--- RECORDS FOR THE TASK Enclosed Below ---
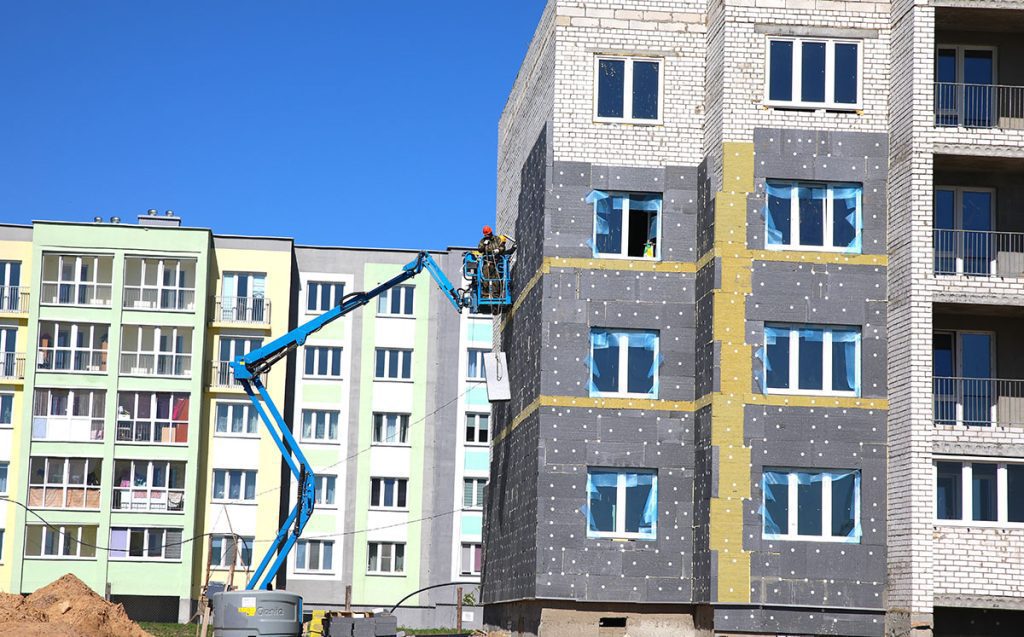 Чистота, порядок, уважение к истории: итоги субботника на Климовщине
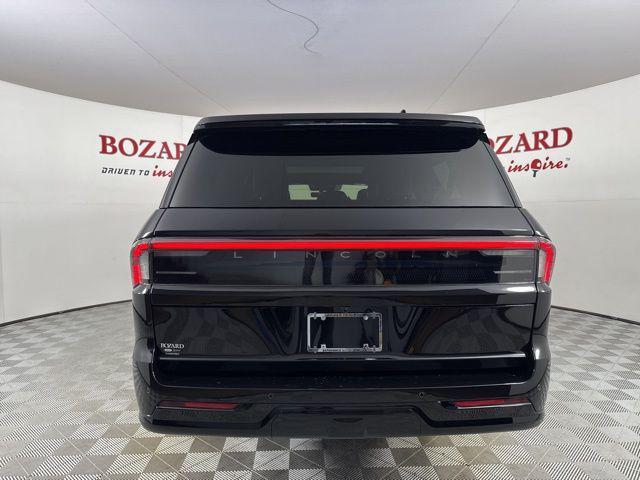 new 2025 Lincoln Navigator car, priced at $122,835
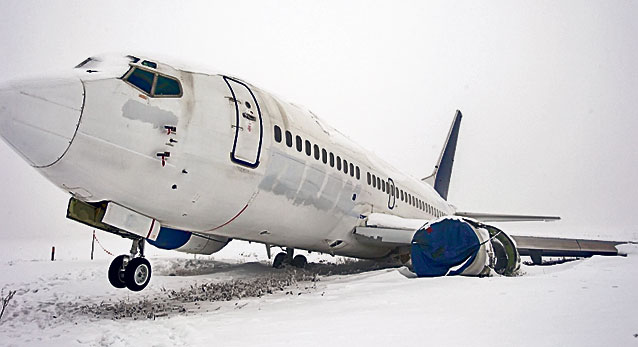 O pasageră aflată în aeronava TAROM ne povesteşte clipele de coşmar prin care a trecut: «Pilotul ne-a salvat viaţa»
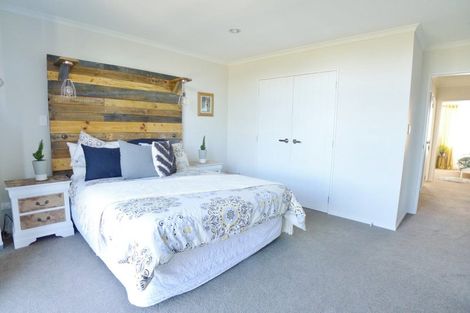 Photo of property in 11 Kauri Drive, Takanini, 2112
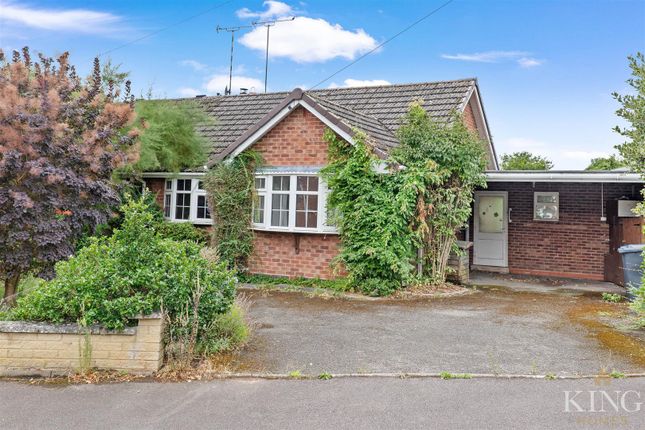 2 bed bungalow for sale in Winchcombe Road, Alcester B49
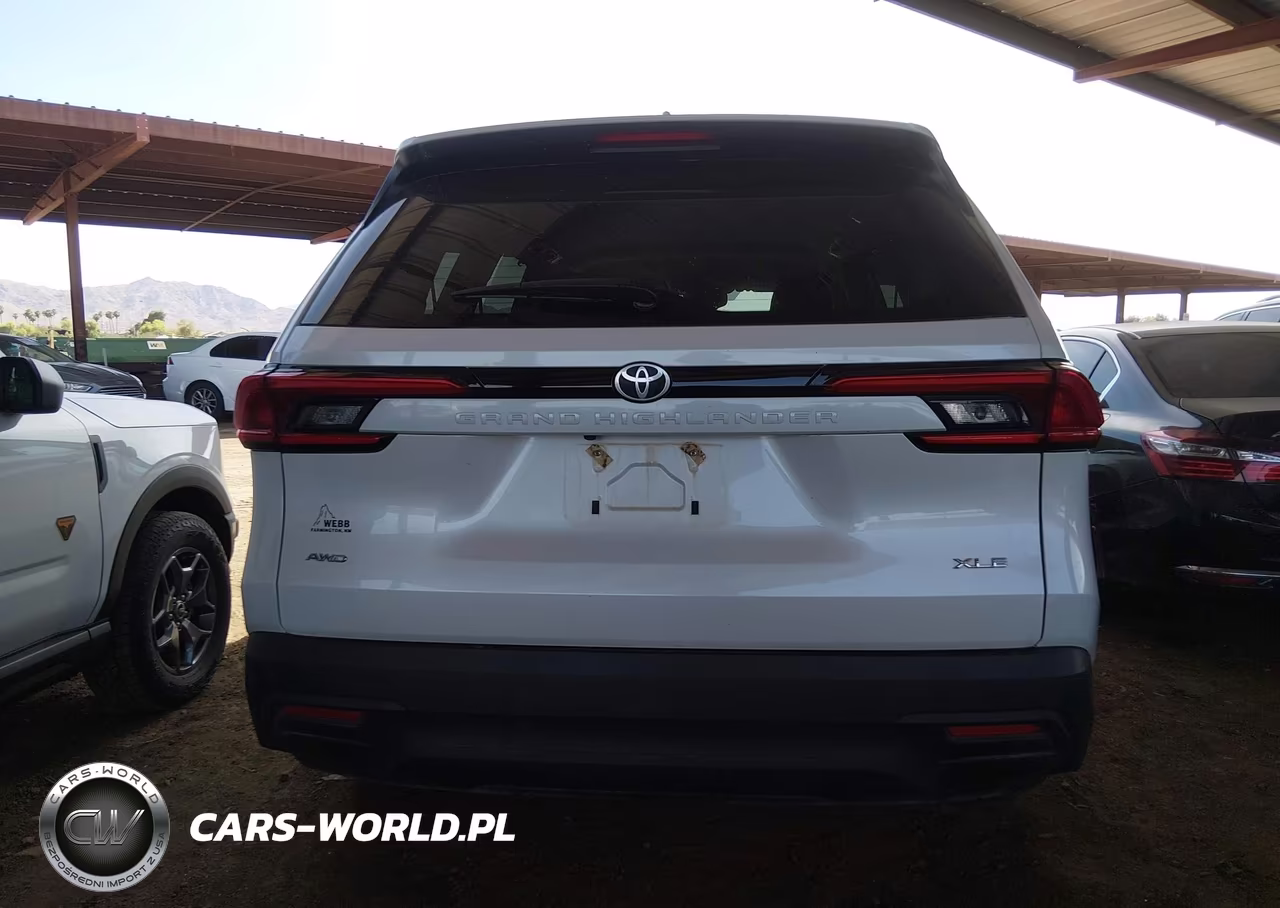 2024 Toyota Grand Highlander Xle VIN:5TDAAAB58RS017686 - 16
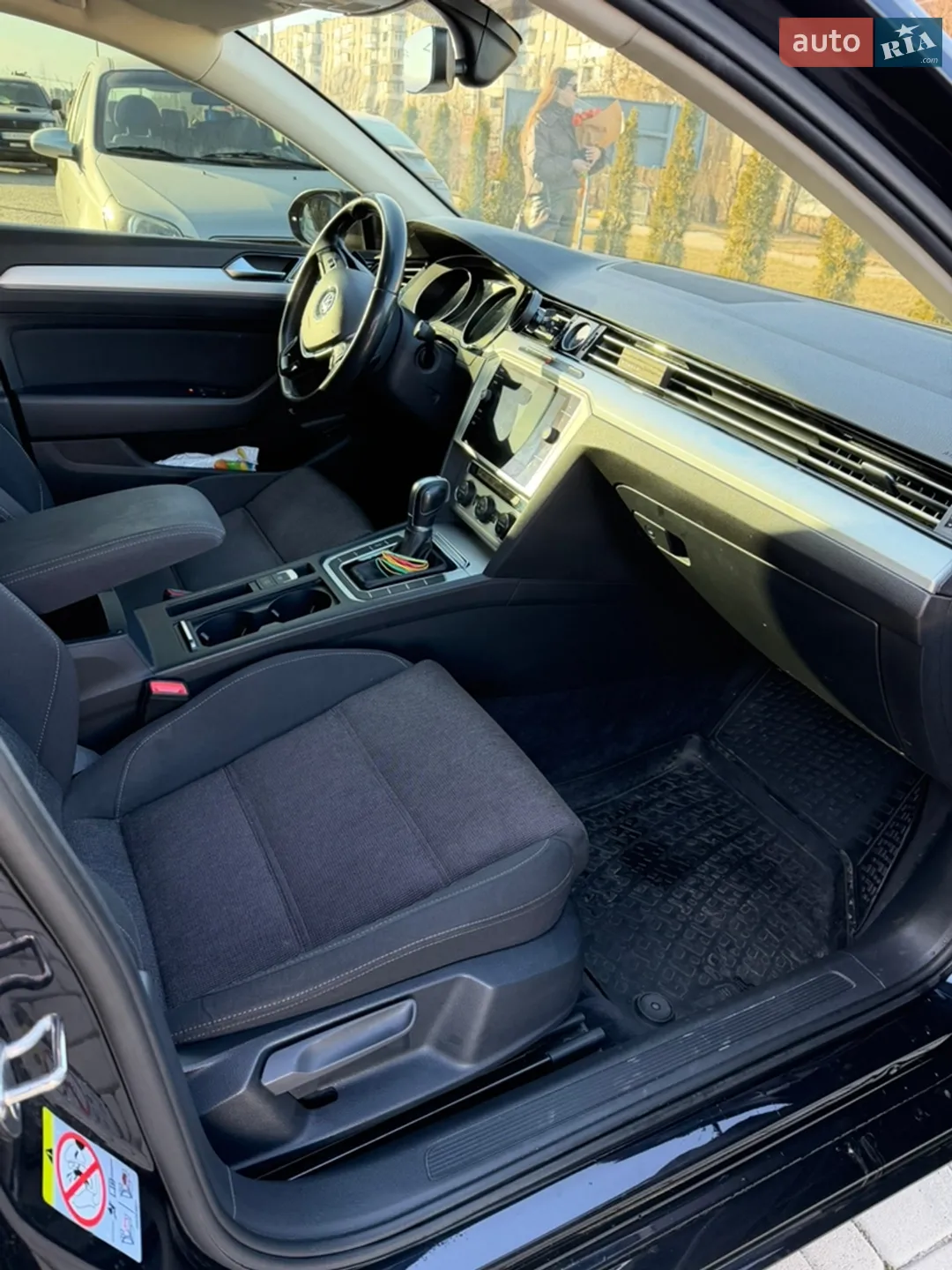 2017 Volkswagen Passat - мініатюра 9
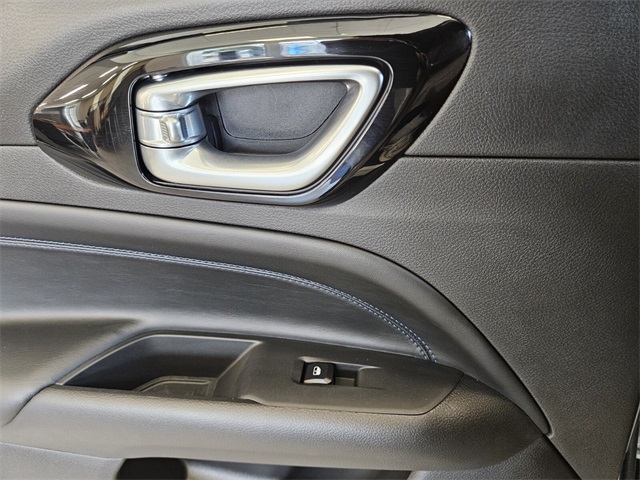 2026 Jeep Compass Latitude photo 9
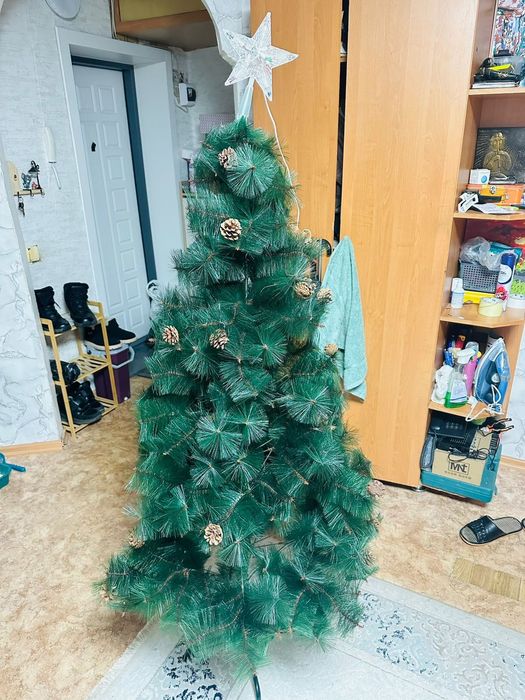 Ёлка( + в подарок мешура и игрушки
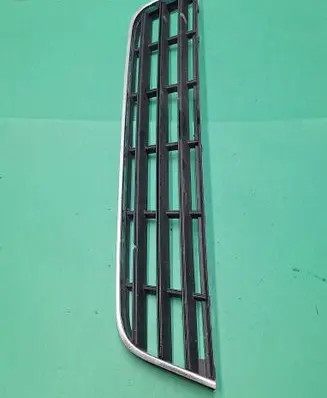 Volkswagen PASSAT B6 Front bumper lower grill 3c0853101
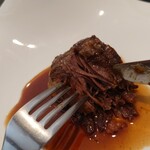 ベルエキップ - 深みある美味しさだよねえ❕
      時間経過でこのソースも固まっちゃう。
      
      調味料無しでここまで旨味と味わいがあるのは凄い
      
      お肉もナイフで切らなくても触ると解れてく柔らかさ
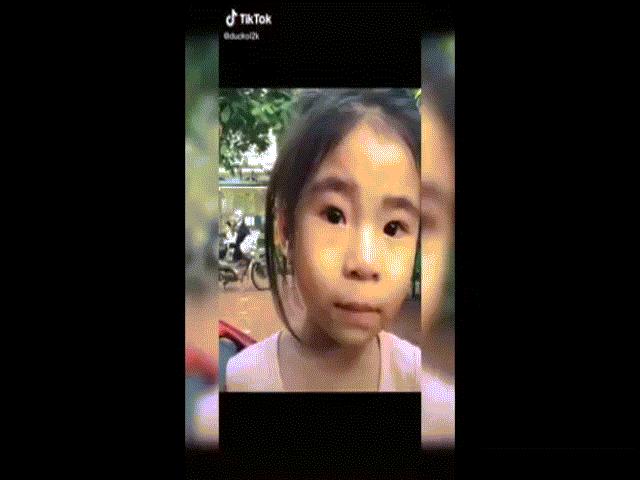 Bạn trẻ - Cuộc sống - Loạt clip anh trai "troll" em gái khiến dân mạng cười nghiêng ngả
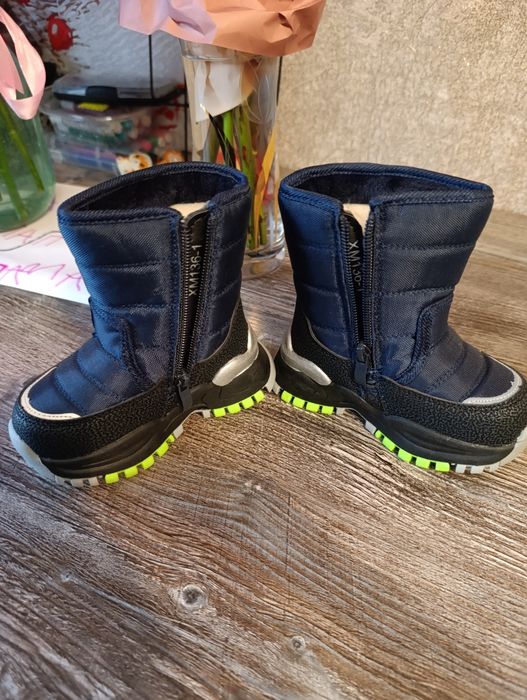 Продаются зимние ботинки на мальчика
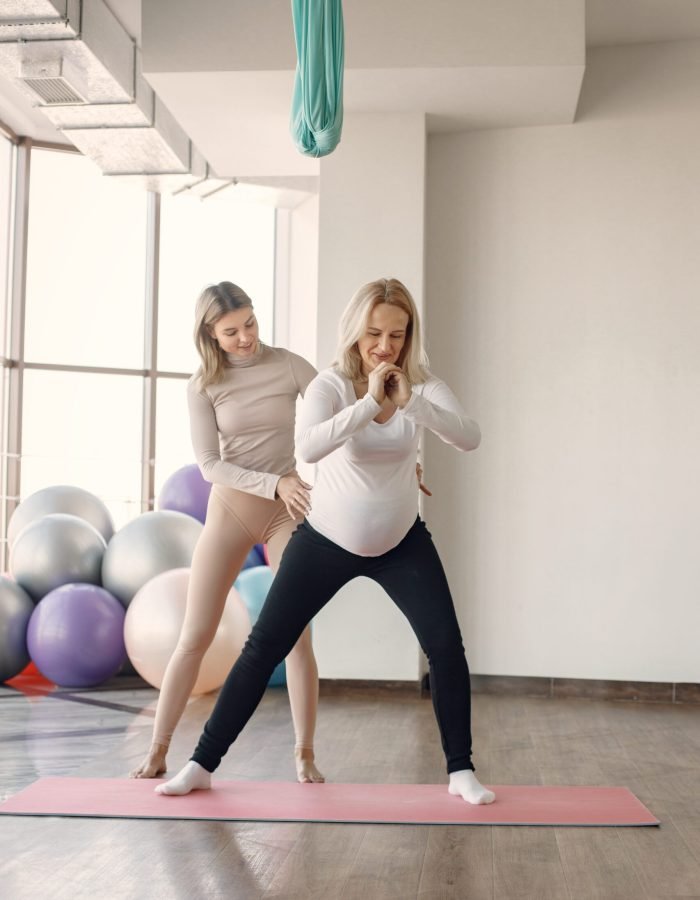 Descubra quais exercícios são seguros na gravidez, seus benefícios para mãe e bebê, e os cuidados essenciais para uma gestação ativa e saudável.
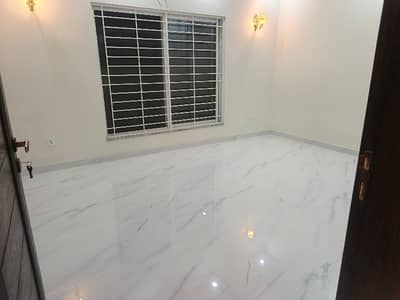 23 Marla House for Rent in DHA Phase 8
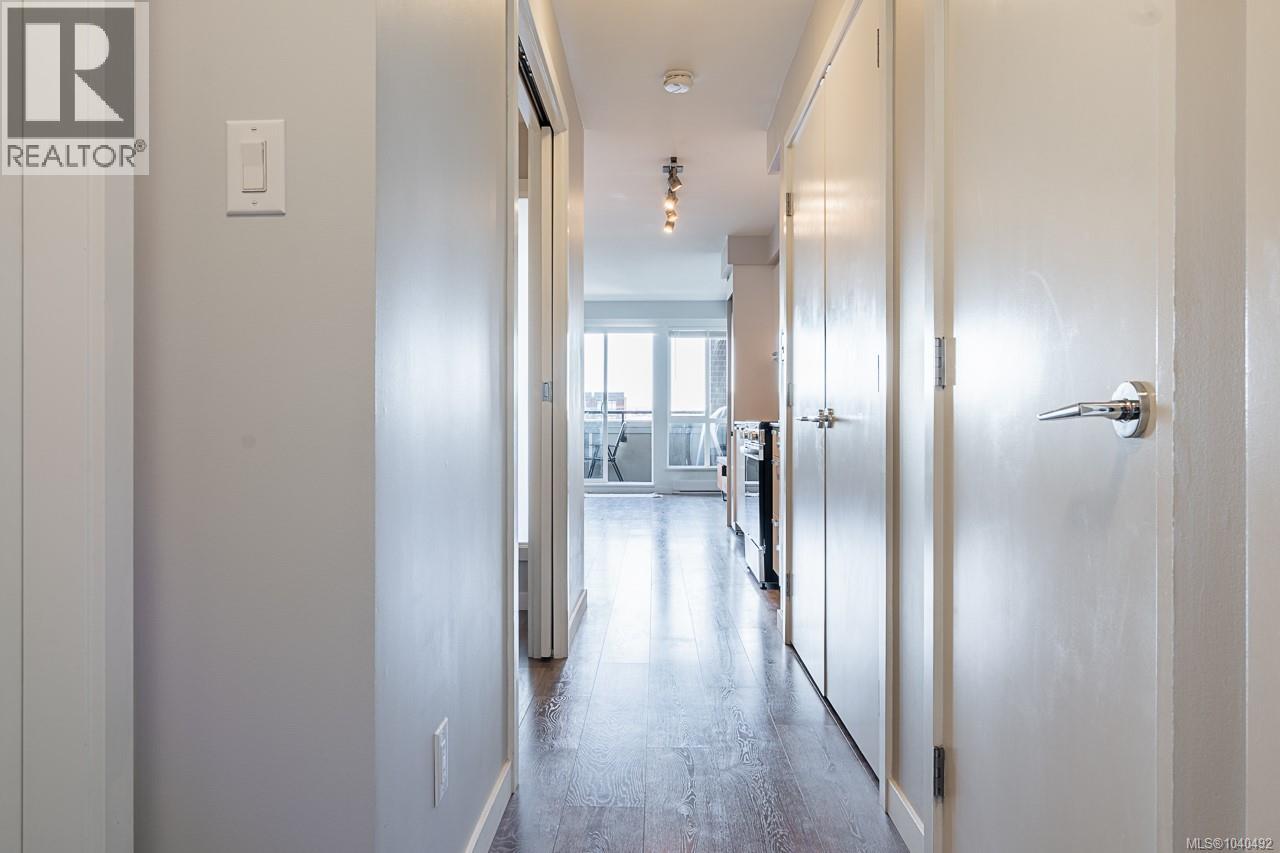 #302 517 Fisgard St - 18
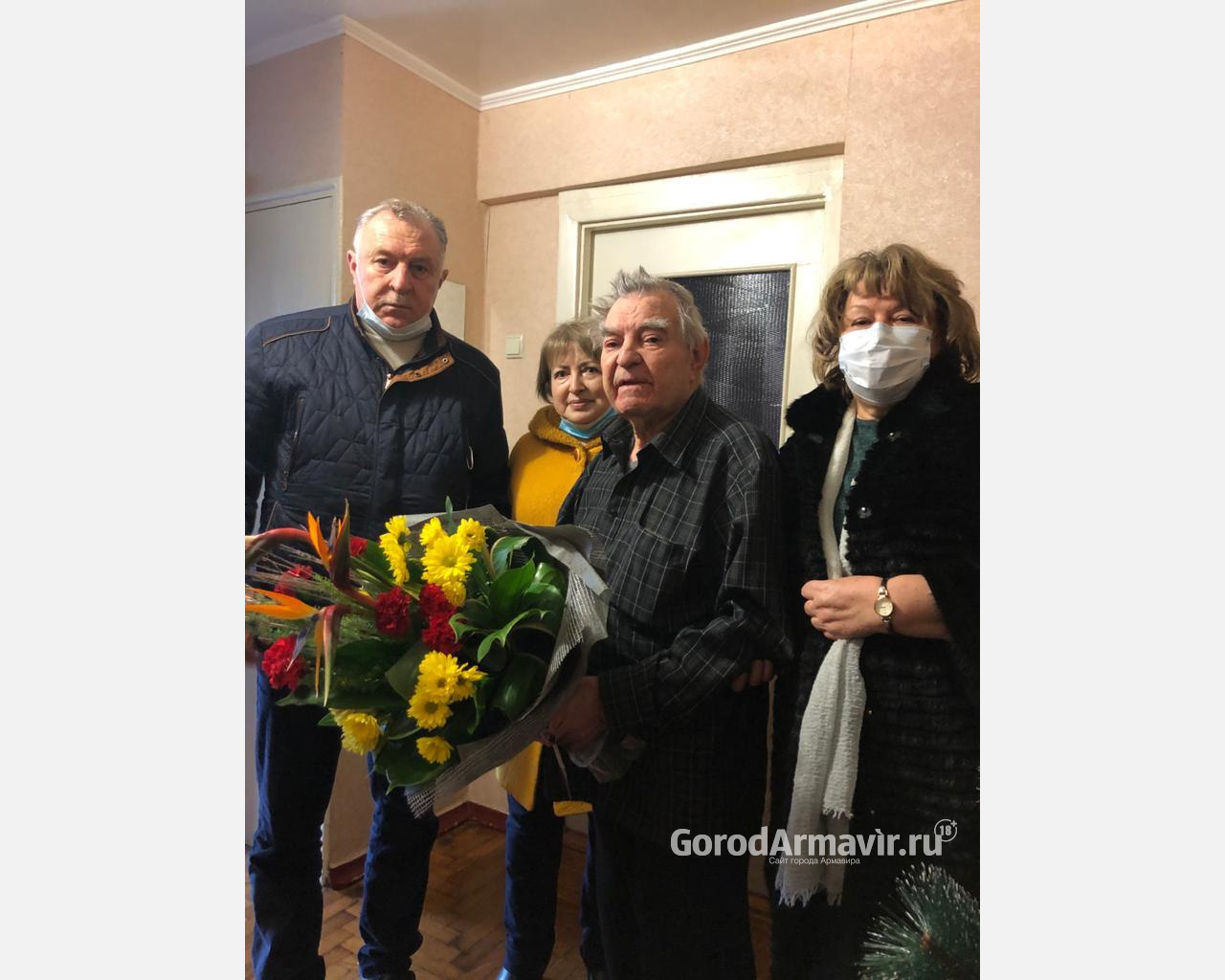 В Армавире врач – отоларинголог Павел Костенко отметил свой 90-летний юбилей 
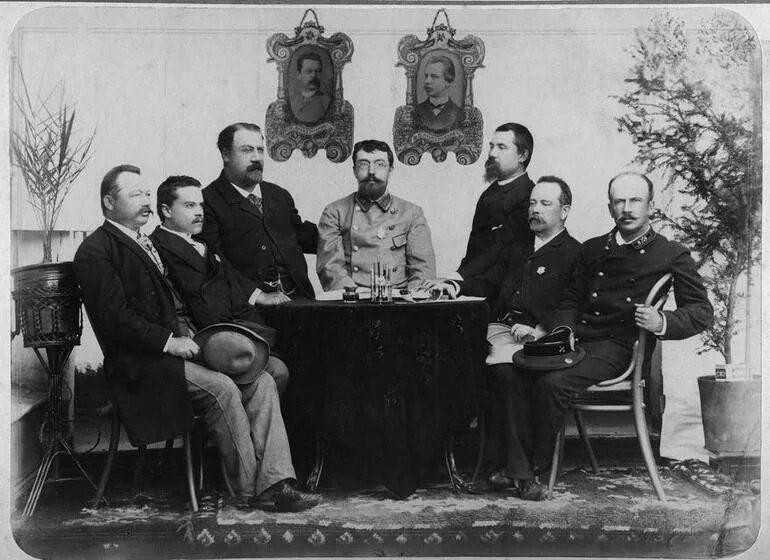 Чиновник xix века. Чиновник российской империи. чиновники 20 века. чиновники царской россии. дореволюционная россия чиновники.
--- End of Enclosed RECORDS FOR THE TASK ---
Take the lines from the start of the entries through the line containing "Bạn trẻ - Cuộc" and set them down exactly, leaving out every picture.

ANSWER FOR THE TASK
 Чистота, порядок, уважение к истории: итоги субботника на Климовщине
 new 2025 Lincoln Navigator car, priced at $122,835
 O pasageră aflată în aeronava TAROM ne povesteşte clipele de coşmar prin care a trecut: «Pilotul ne-a salvat viaţa»
 Photo of property in 11 Kauri Drive, Takanini, 2112
 2 bed bungalow for sale in Winchcombe Road, Alcester B49
 2024 Toyota Grand Highlander Xle VIN:5TDAAAB58RS017686 - 16
 2017 Volkswagen Passat - мініатюра 9
 2026 Jeep Compass Latitude photo 9
 Ёлка( + в подарок мешура и игрушки
 Volkswagen PASSAT B6 Front bumper lower grill 3c0853101
 ベルエキップ - 深みある美味しさだよねえ❕
      時間経過でこのソースも固まっちゃう。
      
      調味料無しでここまで旨味と味わいがあるのは凄い
      
      お肉もナイフで切らなくても触ると解れてく柔らかさ
 Bạn trẻ - Cuộc sống - Loạt clip anh trai "troll" em gái khiến dân mạng cười nghiêng ngả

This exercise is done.